I once had a car dealer customer who sold a vacant piece of land to another car dealer who had a very, very popular vehicle brand. “Why did you do it?”, I asked him. At my younger age I thought this just didn’t make sense, to let your competitor move right next door to you. He immediately replied “Are you kidding? That brand is the #1 brand in the US. Every customer that goes there has to pass my dealership first! I get a chance to draw them in before they get to my competitor!” Time has proven him correct. His dealership grew to more than double its size since his competitor moved in.
Another interesting strategy was from a restaurant owner. Being in a location that is a tourist destination, he depends on a steady stream of visitors. Reaching them through traditional advertising would be cost prohibitive, as he would have to advertise in a multitude of far flung markets. How does he attract customers? Well, he knows there are huge attractions such as ski slopes, water parks and a gambling casino. All of them spend millions in advertising to draw people to the area. So, he uses only billboards along the major routes, and email marketing to bring in customers. Does it work? He’s packed all the time.
B2B While it may not be as much of an issue, the logistics of selling B2B can impose challenges. If you are located too far from your customers, you will increase lag time for filling orders. You may also spend a lot of time and money caring for those customers when a closer location would be perhaps more costly but much more effective. Sometimes, a creative solution will serve you well.
When I sold accessories to car dealers, I had dealers that used a lot of pre-painted spoilers. I did not have enough storage space, so I relied on the fast turnaround of my suppliers when I needed 6 or 10 spoilers right away. When I placed the orders, I would generally have them in about 3 days. The problem was that if any of those vehicles were sold before I could get back, then I lost the sale and was stuck holding a pre-painted spoiler until I could sell it. Better solution: I located some storage space with one of my dealership customers, which was located right in the heart of where most of my business was.

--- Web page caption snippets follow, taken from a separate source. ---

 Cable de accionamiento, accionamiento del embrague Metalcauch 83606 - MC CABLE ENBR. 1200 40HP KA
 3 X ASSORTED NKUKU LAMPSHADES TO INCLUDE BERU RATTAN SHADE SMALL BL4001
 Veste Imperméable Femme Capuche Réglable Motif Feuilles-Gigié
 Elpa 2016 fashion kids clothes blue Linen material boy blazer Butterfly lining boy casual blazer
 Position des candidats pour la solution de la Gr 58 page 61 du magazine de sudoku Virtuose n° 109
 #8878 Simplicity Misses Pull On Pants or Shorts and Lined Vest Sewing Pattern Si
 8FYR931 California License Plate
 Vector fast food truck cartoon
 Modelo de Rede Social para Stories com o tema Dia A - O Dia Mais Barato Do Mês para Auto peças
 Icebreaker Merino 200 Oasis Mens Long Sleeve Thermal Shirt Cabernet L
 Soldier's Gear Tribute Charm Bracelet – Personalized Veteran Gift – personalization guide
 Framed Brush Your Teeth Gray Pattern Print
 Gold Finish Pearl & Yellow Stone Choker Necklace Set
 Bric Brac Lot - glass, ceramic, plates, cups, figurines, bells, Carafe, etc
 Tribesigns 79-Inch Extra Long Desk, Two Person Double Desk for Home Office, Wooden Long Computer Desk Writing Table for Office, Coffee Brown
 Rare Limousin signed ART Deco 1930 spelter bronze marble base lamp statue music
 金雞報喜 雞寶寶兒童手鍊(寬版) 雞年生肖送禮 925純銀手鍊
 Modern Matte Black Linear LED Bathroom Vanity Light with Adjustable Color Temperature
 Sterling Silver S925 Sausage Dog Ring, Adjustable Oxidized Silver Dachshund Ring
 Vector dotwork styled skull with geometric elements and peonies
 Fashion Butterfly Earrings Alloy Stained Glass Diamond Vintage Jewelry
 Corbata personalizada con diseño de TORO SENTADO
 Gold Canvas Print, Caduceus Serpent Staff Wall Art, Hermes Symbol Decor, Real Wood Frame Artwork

I then stocked a fair amount of inventory. I added other items I knew would sell quickly such as step bars, vent visors, etc. The result? I was able to fill orders THAT DAY for customers. It reduced my frustration, as well as theirs. They got what they needed, and I was able to substantially increase my sales volume.
If your business relies on sales to other businesses, you might need to examine things like distance to your customers, shipping costs, how convenient is it for them to come to your location if they need something quickly, and whether or not any of your competitors are in closer proximity to your customers. If evaluating this leads to the conclusion that a new location would be better for your business then make the change.